I have never been able to do this balancing
act with any configuration other than an instrumentation
amplifier.

It is my ignorance in combination with
people who simply refuse to talk about this
which has caused me years of headaches.

In my case the Ge seems to reduce to
(2.99 * 1302)/1742 or 2.234 v/(in/sec)
But this is not how I handle this figure.
I treat it as an overall loss of 20log(2.234/2.99) or -2.53dbv
when calculating the final amplifier gain.

Thanks for your feedback.

Regards,
geoff



-----Original Message----- 
From: Bob McClure 
Sent: Saturday, June 25, 2011 6:11 PM 
To: psnlist@.............. 
Subject: Re: Damping CDR for HS10-1 

For whatever it is worth, here is my computation of the shunt resistance to be applied to the HS-10 geophone to obtain a 
damping coefficient of 0.707. It confirms Geoff's latest results, but also allows for the loading provide by the amplifier itself.

HS-10 properties

Sensitivity, E = 2.99 V/ips = 117.7 volts per meter per second
Natural Frequency = 1 Hz = 2*PI radians per second
Natural damping = 0.031
Inertial Mass = 33 oz = 0.936 kilogram

Erhard Wielandt, in his chapter "Seismic Sensors and their Calibration"  in the Manual of Observatory Practice 
presents a formula for electromagnetic damping.

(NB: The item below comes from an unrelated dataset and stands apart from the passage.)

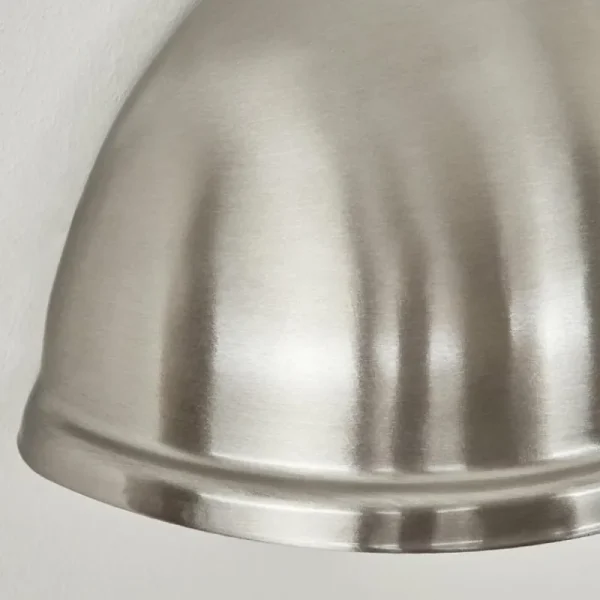 hofstein Applique murale d'extérieur Wundowie Acier inoxydable, Blanc, 1 lumière* Lampes Modernes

The formula is h = (E^2 / 2* M * wo * Rd) , where
   E is the output in volt-seconds/meter,
   h is the damping coefficient (0.5/Q),
   M is the effective pendulum mass in kilograms,
   wo is the natural frequency of the pendulum in radians/sec, and
   Rd is the total shunt resistance.

The recommended total damping is 0.707. Since the HS-10 has an open circuit damping of 0.031, we want the electromagnetic
contribution to be 0.707 - 0.031 = 0.676.

so,

Rd = E^2 / (2*h*M*wo) = (117.7)^2 / (2 * 0.676 * 0.936 * 2 * PI) = 1742 ohms

Let us say the coil resistance is 440 ohms. The input resistance of the amplifier and its applied shunt resistor must then 
equal 1742 - 440 = 1302 ohms. The 1302 value is that of the external shunt resistor in parallel with the amplifier input 
resistance. 
Say the amplifier input resistance is 10K ohms.
1/Rext = 1/Rt - 1/Ramp
1/Rext = 1/1302 - 1/10000 = 0.000768 - 0.000100 =  0.000668 

Rext = 1497 ohms

The applied load will reduce the sensitivity of the geophone. The output will be Rshunt/(Rcoil + Rshunt) times the open 
circuit value.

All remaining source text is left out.